Glenn may sound like a brash young arriviste to the marketing scene but he is anything but. What makes him really worth listening to – and why over 100 marketers turned up to hear him speak at the recent An Post Early Bird breakfast seminar in Dublin – is that his observations are informed by 30 years in the FMCG business. He is currently CEO of the €1 billion Birds Eye/Iglo frozen foods business, whose fortunes he has helped revive since the business was bought from Unilever by private equity group Permira in 2006. Before that he was president of PepsiCo UK, where he was in charge of a £2 billion business with a double-digit operating margin.
Glenn’s marketing ethos is best summed up by the story of Walkers crisps. It is now the UK’s top-selling crisp brand worth over £500 million annually but in the early 1990s, when it was acquired by PepsiCo, it seemed to be in terminal decline. Glenn was asked to assess where the Walkers brand was going and how it might be turned around.
Although the conventional wisdom suggested launching new lines and going head-to-head with some of the new snack formats entering the market, Glenn and his colleagues thought differently. They decided brand renewal was the way forward under a quality banner. In short, they wanted to make a better crisp. And they felt if they did so the consumer would respond.
So began a major product transformation programme whose various elements – investing in better crisp-cutting equipment in the factory, using foil bags to keep the crisps fresher longer, new TV ads featuring Gary Lineker – were all aimed at convincing the consumer that Walkers was not just another crisp, it was the crisp. The strategy worked, so much so that within a decade the brand had doubled its turnover and increased its profitability by a factor of eight.
For Glenn, the Walkers story proves that it often makes better commercial sense to improve an existing product rather than take the risk of launching something new. “Marketing people are trained to do ‘different’ rather than do ‘better’. I don’t agree. I think better beats different,” he says.
Glenn also takes issue with the slavish adherence in marketing circles to what he sees as arbitrary concepts. None more so than the ABL/BTL couplet. “I remember always being really confused by above- and below-the-line. I never knew what it meant. It was always almost like a marketing class system: if you did above-the-line stuff you were somehow doing proper marketing and that’s where all the senior people spent their time. Below-the-line was all the grubby stuff done by people who knew their careers were never going to take off.”
Perhaps fitting for a man who is a walking embodiment of the KISS (‘Keep it Simple Stupid’) principle, Glenn is a big fan of direct marketing and its unique targeting ability and measurability.
He says he first became aware of its potential in the 1980s as a brand manager with Mars-owned Pedigree pet food in the UK. A calendar promotion had elicited a massive response and suddenly they had a readymade DM list of 300,000 names. Except nobody realised this – least of all the marketing director – until Glenn invited in a DM agency to come in and have a look.

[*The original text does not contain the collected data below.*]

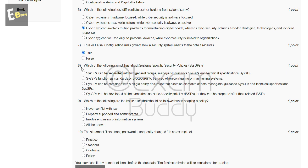The eighth question is: which of the following is not true about system-specific security policies? The answer is D — system-specific security policies can be developed at the same time as issue-specific policies, or they can be prepared after their related policies.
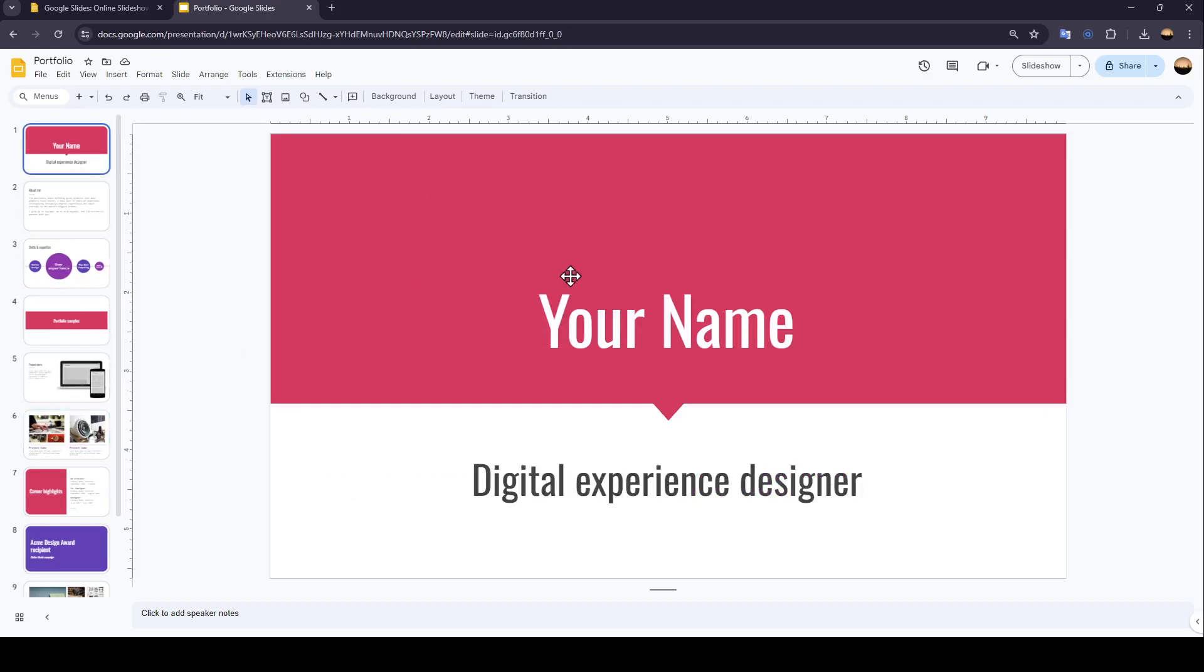So once you're here, as you can see in the top, you're going to find all of the tools that you will need to customize your presentation.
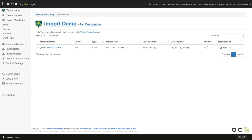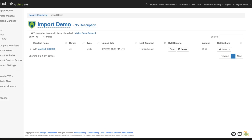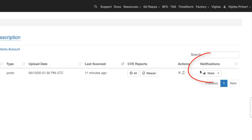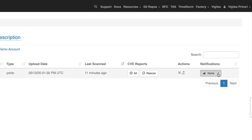Vigilist can perform automatic scans based on your chosen cadence and send you an email summary of new vulnerabilities. To subscribe to Vigilist Notifications, go to the Notifications column and click on the dropdown in the row for your manifest. Then select your desired frequency of notification from the available options.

“We said, ‘look, we have all these names, what should we do with them?’. They simply couldn’t believe it: a database 300,000 recent buyers … The next year we direct-marketed to the previous buyers and we ended up selling 500,000 calendars. Not only did we make a profit but we succeeded in getting permanent branding in the home.”

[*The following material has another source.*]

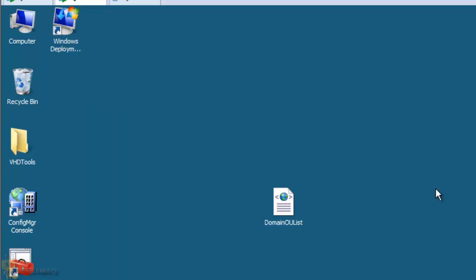Now there's other ways to do this. You can actually place information inside your custom INI file, but I like doing it this way because you can just automatically update it and you don't have to update your deployment share at all.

Today, over twenty years later, DM is among the armoury of tools used by Birds Eye/ Iglo to target the legions of fish-finger buyers across Europe. The company combines some traditional door-drop activity with newer DM tools, such as a ‘bounce-back’ campaign that targets buyers of competing products. How this works is that when a consumer buys a competing brand at a Sainsbury and Tesco, a money-off coupon against their next purchase of Birds Eye Iglo fish fingers is printed off at the till.
Glenn says the company will continue to use DM as part of its promotional toolset.
“What I like about DM is that it’s infinitely improvable. You can keep testing and trying it differently again and again .”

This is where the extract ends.